Si la construction de drones militaires européens représente bel et bien un marché juteux, évalué en milliards d'euros rien que pour la recherche, la part des entreprises semi-publiques ou privées est difficile à évaluer. Quels sont les investissements suisses actuellement consentis? "Nous n'avons pas de sources d'information sur les choses militaires, regrette René Wysmüller, responsable à l'Office suisse d'expansion commerciale (OSEC/ Business Network Switzerland). La transparence n'est pas la même en ce qui concerne l'armement". Des drones à la place des avions, c'est pourtant la perspective qui séduit Armasuisse. "Nous avons bien l'intention de poursuivre sur cette voie", nous confirme également Didier Vallon, porte-parole des Forces aériennes suisses.

Gilles Labarthe / DATAS

(encadré)
Le Ranger, une fabrication israélo-suisse
Autonomie de 5 heures de vol, rayon d'action de 150 kilomètres, capacité d'atterrissage sur une distance de 100 mètres, 45 kg de charge embarquée… le drone Rangers, de fabrication israélo-suisse, est devenu une référence en Europe. Les experts lui attribuent un cycle de vie d'environ 1000 décollages, ou 1000 heures de vol, sur une durée de 20 ans. L'armée suisse disposerait d'une trentaine de ces appareils de dimension très modeste, commandés en 1995. Que faire pour " rentabiliser la marchandise", en attendant d'éventuelles applications militaires des engins? Dirigés par les forces aériennes, des drones Ranger peuvent servir à la prévention d'incendies.
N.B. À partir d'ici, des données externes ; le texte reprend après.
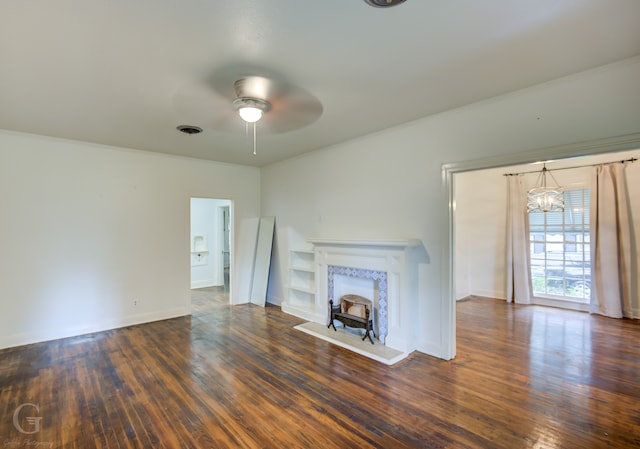 unfurnished living room featuring ornamental molding, ceiling fan with notable chandelier, and dark hardwood / wood-style floors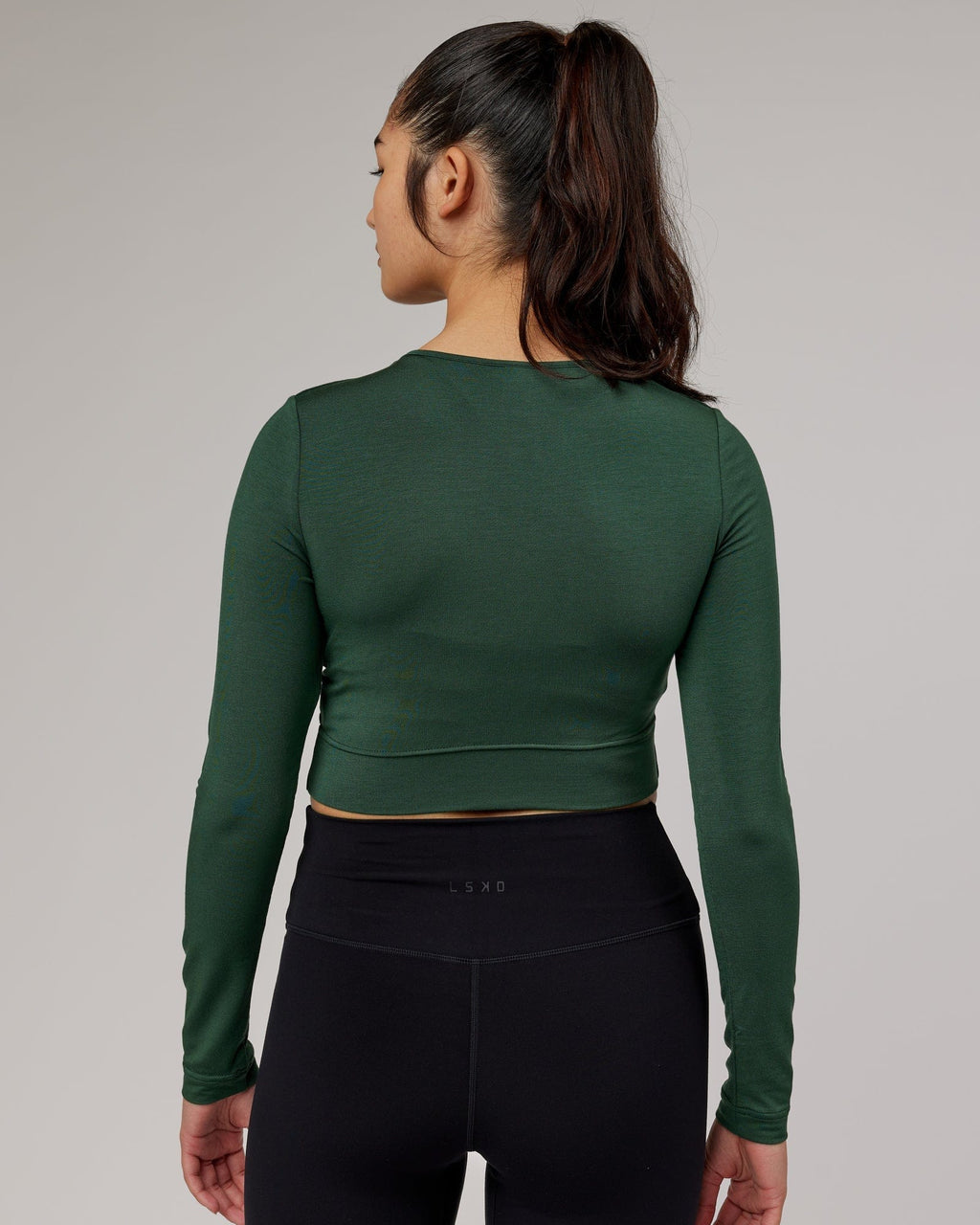 Model wearing Wrapped LS Tee - Pineneedle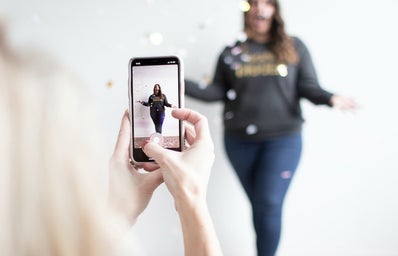 woman filming vertical video of woman throwing confetti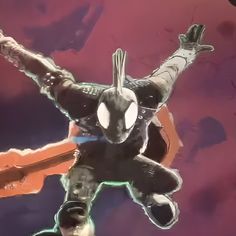 a spider - man flying through the air with his arms outstretched in front of him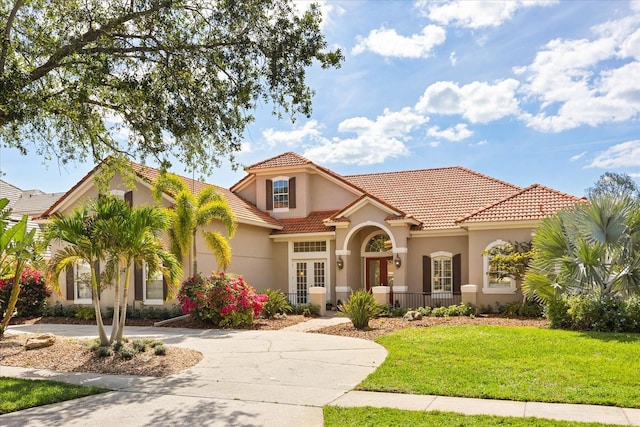 10664 Emerald Chase Dr, Orlando, FL 32836 - mediterranean / spanish home featuring a tiled roof, stucco siding, curved driveway, and a front yard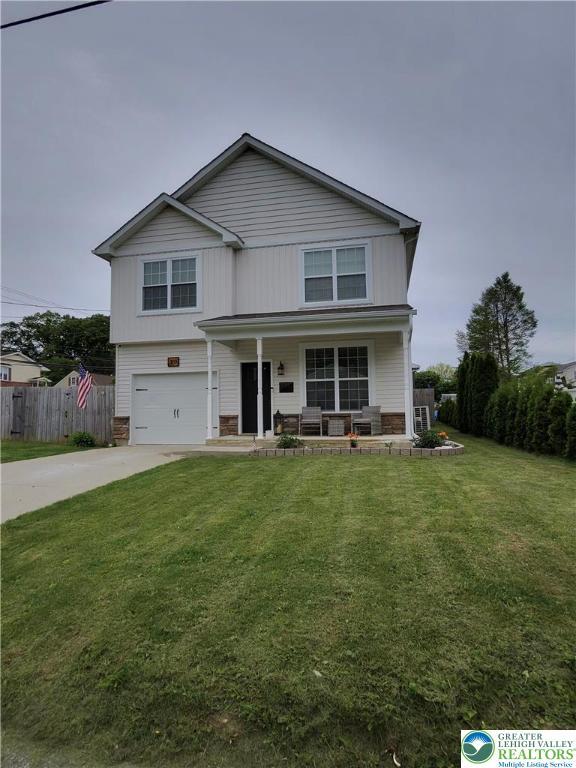 331 Minor St, Emmaus Borough, PA 18049 - view of front of property featuring an attached garage, concrete driveway, a porch, and stone siding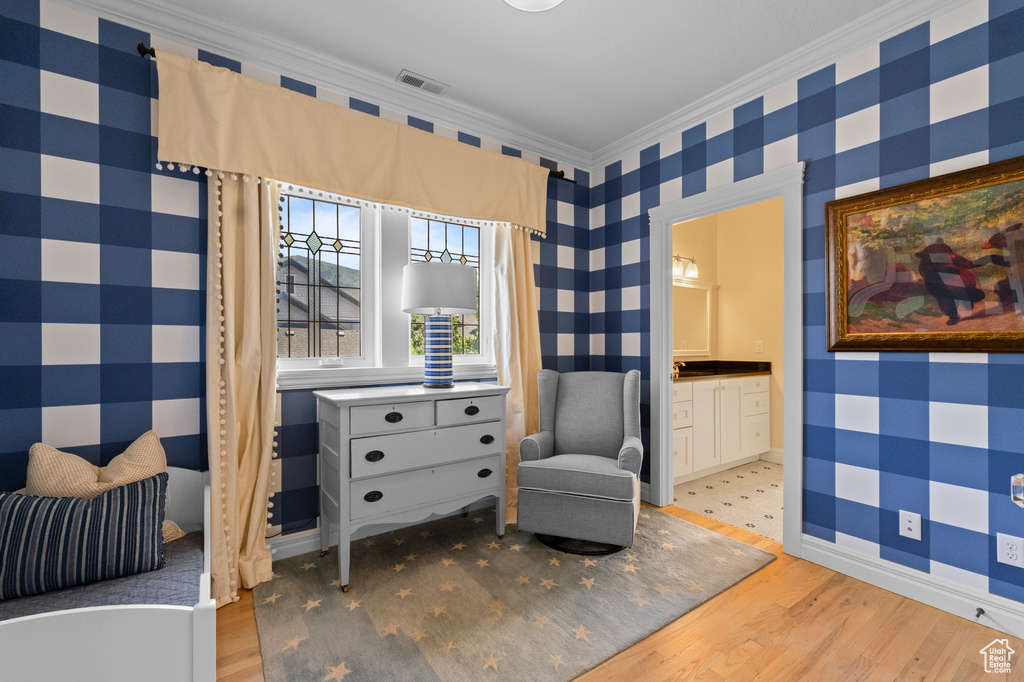 Sitting room with wallpapered walls, light wood-style flooring, and crown molding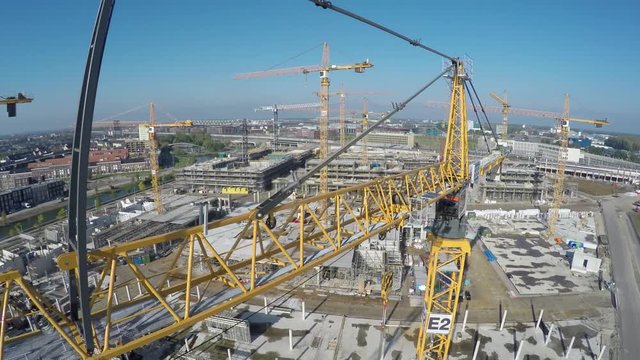 Aerial birds eye view of construction site drone moving close backwards past crane operating arm jib and showing more yellow tower cranes and underneath building site with concrete foundation 4k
Depuis janvier 2006, des drones de l'armée suisse surveillent la frontière, soutenant le Corps des gardes-frontière "dans sa lutte contre l'immigration illégale, la contrebande et la criminalité, informe Philippe Zahno, porte-parole du Département fédéral de la défense (DDPS). Ajoutons à cela la surveillance lors de manifestations (comme en juin 2003, lors du sommet du G8 à Evian, sous commandement militaire), mais aussi au repérage de "comportements suspects". Une observation qui risque de se transformer en atteinte aux droits des citoyens. "L'engagement de moyens militaires pour des tâches civiles est de plus en plus courant", dénonce à Genève le Groupement pour une Suisse sans armée - GSSA: "le drone ADS-95 Ranger a été développé conjointement par la firme Oerlikon-Contraves, la RUAG (entreprise d'armement de la Confédération) et les firmes israéliennes Israel Aircraft Industries (IAI) et Tadiran. Si ce modèle est inoffensif et peut intervenir comme aide dans la lutte contre les incendies de forêts, ce n'est pas le cas de tous les modèles d'IAI, qui ont pu peut-être bénéficier de cette collaboration technologique Suisse-Israël. D'autres modèles peuvent être armés et ont été utilisés pour la liquidation de nombreux chefs palestiniens". La Confédération vend ses appareils à double usage civil et militaire à l'étranger: elle a par exemple encadré une livraison de cinq drones Rangers aux forces de défense finlandaises, en 2002. Qu'en est-il pour les régions en conflit? Sur tous ces points, le débat parlementaire ne fait que commencer.